本全体を通して、読みやすい柔らかい文章が印象的です。

いくつか印象に残ったところをメモ。

一つは戦後教育学に接近するアプローチについてです。
戦後教育学の特徴やポイントを示す際に、現代の諸課題と戦後教育学の共通性を挙げるアプローチもあると思うのですが、
むしろ、戦後教育学への批判(とそれへの著者自身の再批判)を交えて論じているところなどは、刺激的だなと思いました。
第7章の「2.理論的な批判に応えるー歴史・なかま・批評ー」などはまさにそれが際立っていました。
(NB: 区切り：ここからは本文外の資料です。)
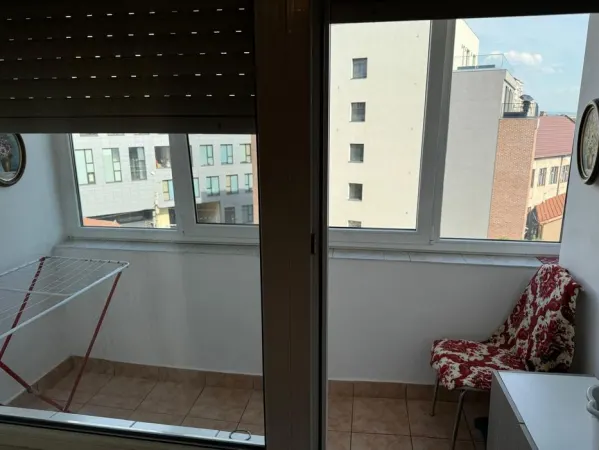 Apartament 2 camere Oradea - poza 3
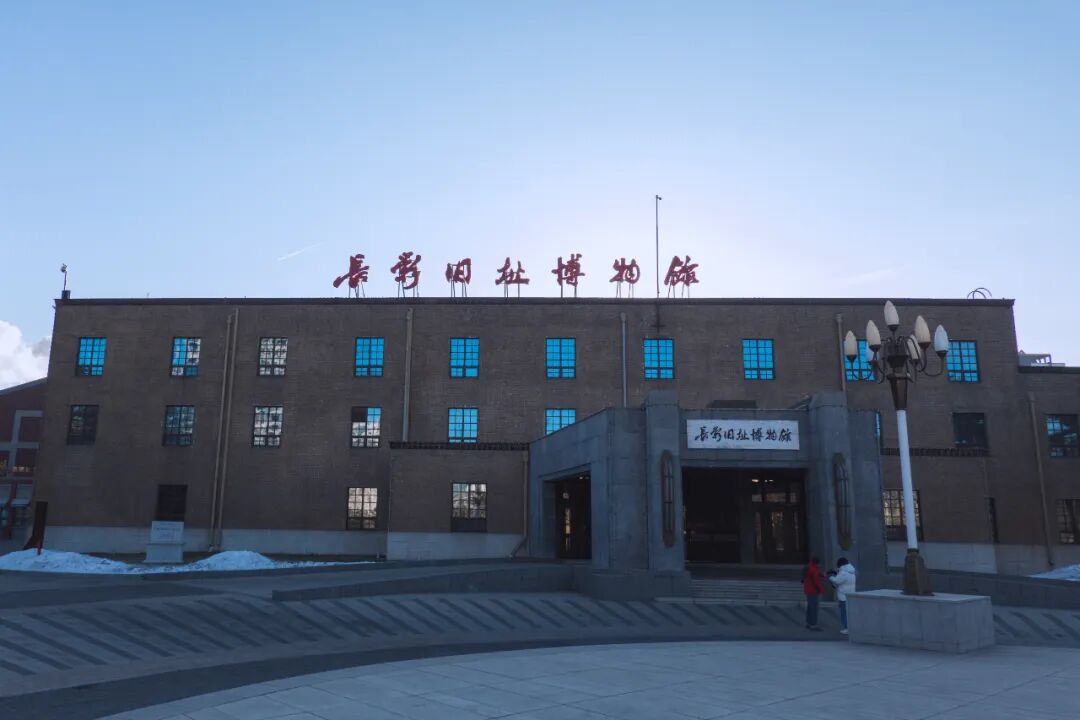 吉林长春十大好玩景点，长春最值得去的景点推荐，你去过几个？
その他、自分の研究関心にもかかわりそうなテーマ、論点はたくさんありました。そういう論点を映し出してくれる本書に感謝。

例えば、
教師が抱える「公的公教育制度が内包する矛盾」を認識し、子どもの人権・学習権保障の立場に立つことの重要性を説く、国民教育運動や「国民の教育権」論。(第1章)

民主主義の理想にむけた闘争が、困難・ニーズによって自動的に生じるのではなく、「集団として組織し、管理する能力」を身につけた人々の努力があってはじめて生み出さされるという城丸氏の主張。(第8章)
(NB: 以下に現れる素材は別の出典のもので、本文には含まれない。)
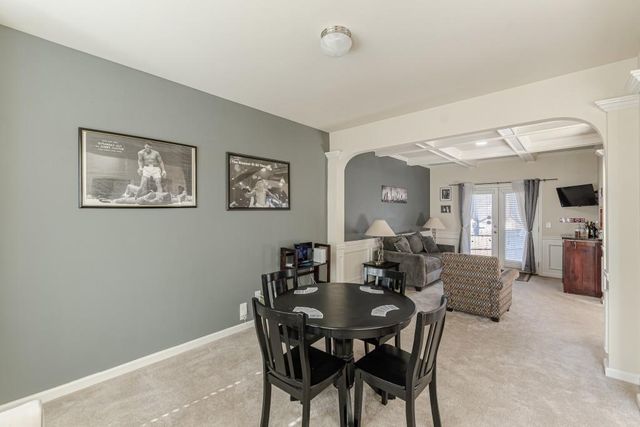 2338 Braelin Loop, Mcdonough, GA 30253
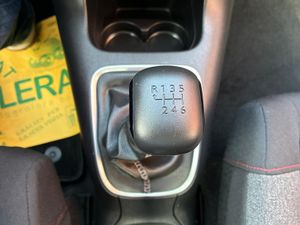 Citroën C3 PureTech 110 S&S Feel  - Foto 17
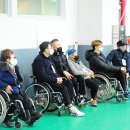 인제체육관 이미지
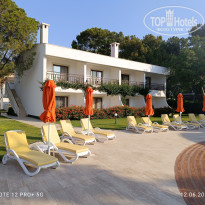 фото из отзыва ID 2703271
中内敏夫の学力論を背景とした、教科教育と教科外教育の関連性、学力と人格を一元論的に捉えるべきという見方。(第8章)

戦後の「地域と教育」論の背景にある、「不利」な状況に置かれていた地域の存在。(第3章)

住民自らが、「開発の矛盾を解決する主体の形成」として、あるいは「地域・自治体の主権者としての自覚」を持って、参加・記録・発明していくような教材作りのプロセス。(第4章)

「権利としての障害児教育論」を主張するからこそ、「障害児教育」という固有の領域の必要性を認識し、特別支援教育やインクルーシブ教育への懸念を表明する主張。(第9章)

いずれも、社会科教育、主権者教育、シティズンシップ教育のいずれを考える際にも、念頭に置いておくべき論点だと思います。

もちろん、それぞれが各時代の抱える限界やしがらみを抱えているという点にも慎重になる必要があるとは思いますが、そういう歴史的な是非を問うていくこと自体が大切な試みであるのだろうなと。

戦後教育学について学びなおしたいと、読者を元気づけてくれる本になっている気がします。